In his first year with the Irish, Cey played in 35 of the team’s 38 games, turning in a 15-14-3 record with a 2.72 goals-against average and a .910 save percentage. Over the final nine games, the Wilkie, Sask., native was 7-2-0 with 1.77 goals against and a .942 save percentage. Included in that late season run was a first-round playoff upset of the Nebraska-Omaha Mavericks.

“Beating UNO in Omaha is my fondest memory so far,” said Cey.

“No one expected us to do it except the guys in our locker room. Going into their building in front of those big crowds and doing what we did was really special.”

Cey came to Notre Dame after a standout junior career with the Flin Flon Bombers of the Saskatchewan Junior Hockey League (SJHL). In his final season, he led the Flin Flon to the Royal Bank Cup finals for the Canadian junior hockey championship.


Morgan Cey came to Notre Dame after a brilliant junior career with the Flin Flon Bombers. In his final season, he led Flin Flon to the Royal Bank Cup championship game.



A first team SJHL all-star, Cey was 35-16-3 while leading all Canadian junior goaltenders with 3,139 minutes played. His 2.62 goals-against average and .916 save percentage earned him the league’s MVP award and he was a finalist for Canadian Junior A player-of-the-year honors.

With those kinds of credentials, it’s hard to believe that the acrobatic goaltender has only been strapping on the pads since he was 14. He almost gave up hockey before his father, Lester, suggested he try playing in goal.

“I was 13 and was going to quit playing hockey,” explained Cey.

“I always played goal in street hockey so my dad suggested that I try playing goal on ice. That year I played forward part of the time and in goal others. When I was 14, I started playing in goal full-time. I tried out for the AA bantam team near my hometown and made it. I guess the rest is history.”

Cey moved from bantam hockey to the AAA midget team in North Battleford in his final year of high school. A strong playoff performance gave the talented goaltender a chance to move to the next level.

“Flin Flon saw me in the playoffs in my last year at North Battleford. I played pretty well and they picked up my rights. I went to their rookie camp and they signed me. I had two pretty solid years and really enjoyed my time there,” explained Cey.

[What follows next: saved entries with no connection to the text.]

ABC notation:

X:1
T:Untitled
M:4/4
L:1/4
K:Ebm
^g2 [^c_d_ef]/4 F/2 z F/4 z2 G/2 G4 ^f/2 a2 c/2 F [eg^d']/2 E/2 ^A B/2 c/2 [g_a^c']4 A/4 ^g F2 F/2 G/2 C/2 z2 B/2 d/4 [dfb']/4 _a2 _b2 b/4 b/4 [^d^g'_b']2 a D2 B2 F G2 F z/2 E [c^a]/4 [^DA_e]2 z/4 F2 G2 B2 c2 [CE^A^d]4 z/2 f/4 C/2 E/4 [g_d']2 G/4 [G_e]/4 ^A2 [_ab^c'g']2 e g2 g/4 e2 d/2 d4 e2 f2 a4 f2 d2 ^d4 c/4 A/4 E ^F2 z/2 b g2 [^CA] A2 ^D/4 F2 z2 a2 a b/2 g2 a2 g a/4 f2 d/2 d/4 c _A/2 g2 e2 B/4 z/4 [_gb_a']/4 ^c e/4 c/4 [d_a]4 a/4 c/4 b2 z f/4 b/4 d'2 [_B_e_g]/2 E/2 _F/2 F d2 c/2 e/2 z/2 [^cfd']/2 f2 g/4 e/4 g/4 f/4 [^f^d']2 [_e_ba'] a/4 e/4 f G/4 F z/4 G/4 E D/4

Confidence, focus and lightning-like reflexes are the key to Cey’s game. He’s a leader on the ice and his confidence rubs off on his teammates.

“Morgan brings a great deal of confidence with his game,” says Poulin.

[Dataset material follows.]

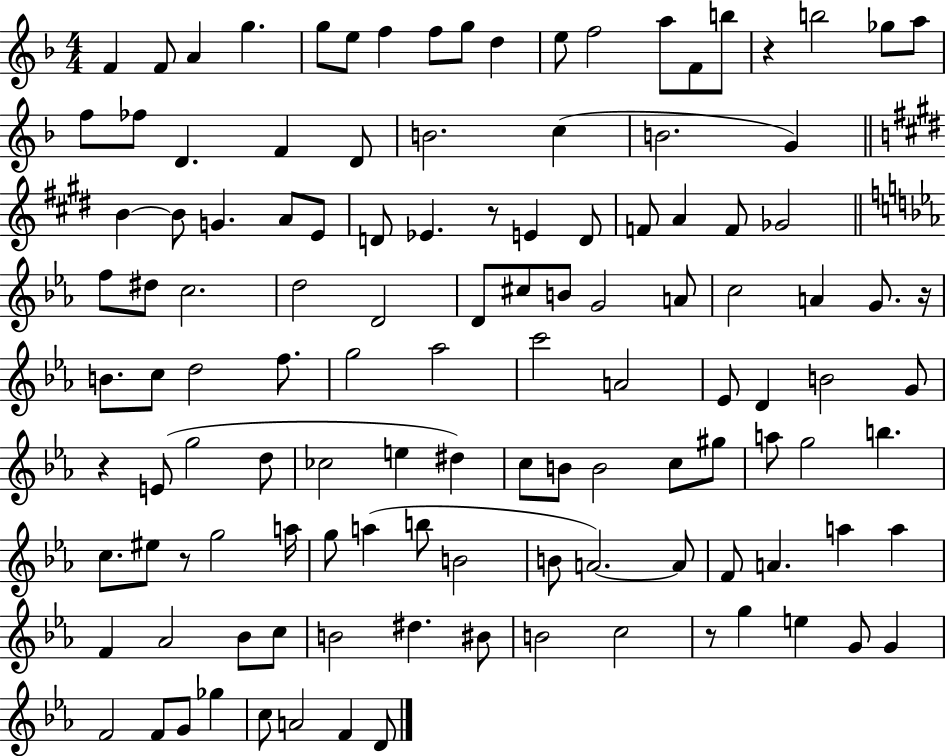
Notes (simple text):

F4/q F4/e A4/q G5/q. G5/e E5/e F5/q F5/e G5/e D5/q E5/e F5/h A5/e F4/e B5/e R/q B5/h Gb5/e A5/e F5/e FES5/e D4/q. F4/q D4/e B4/h. C5/q B4/h. G4/q B4/q B4/e G4/q. A4/e E4/e D4/e Eb4/q. R/e E4/q D4/e F4/e A4/q F4/e Gb4/h F5/e D#5/e C5/h. D5/h D4/h D4/e C#5/e B4/e G4/h A4/e C5/h A4/q G4/e. R/s B4/e. C5/e D5/h F5/e. G5/h Ab5/h C6/h A4/h Eb4/e D4/q B4/h G4/e R/q E4/e G5/h D5/e CES5/h E5/q D#5/q C5/e B4/e B4/h C5/e G#5/e A5/e G5/h B5/q. C5/e. EIS5/e R/e G5/h A5/s G5/e A5/q B5/e B4/h B4/e A4/h. A4/e F4/e A4/q. A5/q A5/q F4/q Ab4/h Bb4/e C5/e B4/h D#5/q. BIS4/e B4/h C5/h R/e G5/q E5/q G4/e G4/q F4/h F4/e G4/e Gb5/q C5/e A4/h F4/q D4/e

“He has a football cornerback’s mentality. He knows he is going to get beat from time-to-time, but it’s how he responds after giving up a goal. Morgan is very good at putting it behind him and getting ready for the next shot. That confidence transfers to the team, no question about it.”

Poulin points to a game early in Cey’s rookie season when he realized how confident his players were playing in front of him.

“We were at Bowling Green in December. The referee had awarded a penalty shot against us. Before I could even argue the call, guys on the bench were saying, ‘Morgan will stop it,’ and sure enough he did. That shows that they believe in him.”

The sociology major expects big things from his team this season.

“This team can go as far as it wants to. We’ve been up and down so far. The key for us is to be consistent. Once we reach that point, we should be one of the best teams in the country. I’m really looking forward to when we get there,” says Cey.